The overall sense of a bird is known as its jizz. When you can't instantly identify a bird, you can use a jigsaw of visual, aural and environmental clues that might give you an accurate identification. This is the birds’ jizz. Size, shape, flight, voice, colouring, time of year, location, habitat. Lockdown actually makes jizz-learning quite easy. For example, being stuck in the same place, ploughing the same furrows day-in-day-out allowed me to get a solid jizzy sense of redwings this winter.
Watching wildlife is a mixture of jizz and the specific. One might turn up for the general sense of wonder/wander and leave with a specific list of sights seen. The micro/macro dichotomy is everywhere of course and we move between the two all the time. Typographer Jonathan Hoefler says that when trying to describe to his colleagues why a typeface just isn’t working he might refer to sense rather than specifics: "It's too Steven Seagal, not Steve McQueen enough." This is very sense-y, but his finished typefaces are also incredibly precise and specific.

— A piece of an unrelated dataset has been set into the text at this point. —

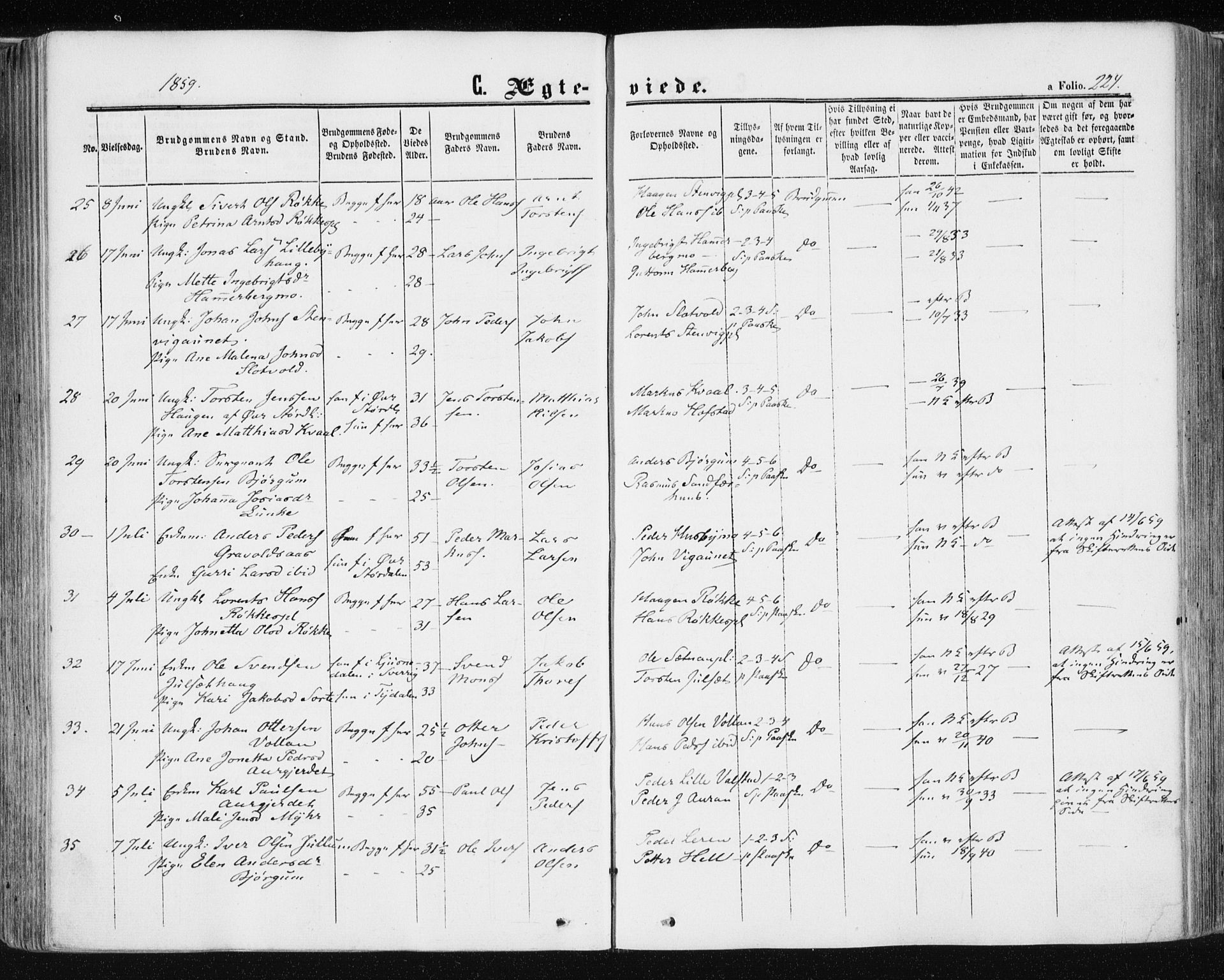 Ministerialprotokoller, klokkerbøker og fødselsregistre - Nord-Trøndelag, AV/SAT-A-1458/709/L0075: Parish register (official) no. 709A15, 1859-1870, p. 224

We describe the sense of something by defining its relation to something else. Pied wagtails remind me of windup toys, and I've seen other people use the same analogy. Our sense of something is based on our experience of other things, which is fascinating when looking at nature because we impose an awful lot of human attitudes and viewpoints on her. See – I just made nature a lady. Jizz mastery is achieved through wide, not narrow observation. You have to be able to tell something apart from another thing based on blurry characteristics, therefore you must have knowledge of other things. The more the better.
There are a couple of things I specifically love about identifying a bird by its jizz. The first is the play between the large number of vectors you have to take into account pretty rapidly and the contextual information that you can apply at a slower pace once the bird has flown, literally. The second is that each time you attempt a jizzy identification, you reach back into your own history of wonder and wander, the accumulation of times you have brought binoculars up to your eyes to make close observation, been surprised by a new species and jotted it down, seen a bird somewhere unexpected, or leafed through the Collins Bird Guide in the warm yellow hum of a winter lamp and armchair just for the joy of it. Jizz is recognition by accumulation, so it suggests love. It’s not something you can cram for, so it also suggests dedication. You earn jizz by repetition and consistency. It is the sedimental buildup of knowledge. It can be topped up, but never reduced. It’s the type of learning I love best.
PS. Jizz can also be spelt giss, but where's the fun in that?